Victor Cruz Weffer served as commander-in-chief of the Venezuelan army from July 2001 until December 2001, and was dismissed on corruption charges.

== Plan Bolívar ==
Cruz Weffer was the army commander in charge of the Plan Bolívar 2000, the first of the "Bolivarian missions" (social programs) of President Hugo Chávez administration. Due to a series of corruption allegations about Plan Bolívar, Chávez fired Cruz Weffer in 2001. The mission was cancelled in 2002. Cruz Weffer was not charged with any crimes at the time.

==Corruption charges==
In 2002 an investigation began; one month before Weffer acquired shares in the Seychelles company Univers Investments Ltd in 2007, public prosecutors charged him with illicit enrichment, failing to disclose financial interests and sending hundreds of thousands of dollars to overseas bank accounts.

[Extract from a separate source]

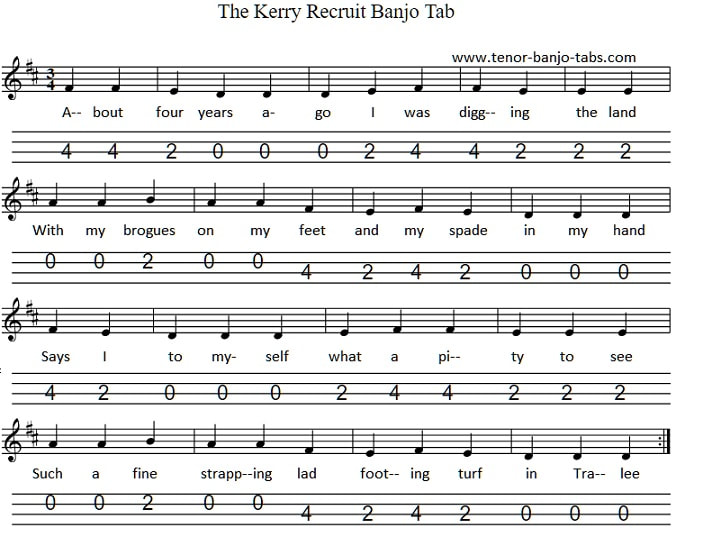 The Kerry Recruit banjo tab by Luke Kelly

Univers Investments used bearer shares, which can be used to obscure the ownership of offshore investments. The company of Venezuela's ex-commander-in-chief of the Armed Forces was noted as inactive in January 2011. In 2011 Weffer was acquitted; an appeal is ongoing. In April 2016, he was named in the Panama Papers, leaked documents related to offshore banking. On March 21 2018, Cruz Weffer was arrested in the Simón Bolívar International Airport due to his involvement in the Panama Papers leak.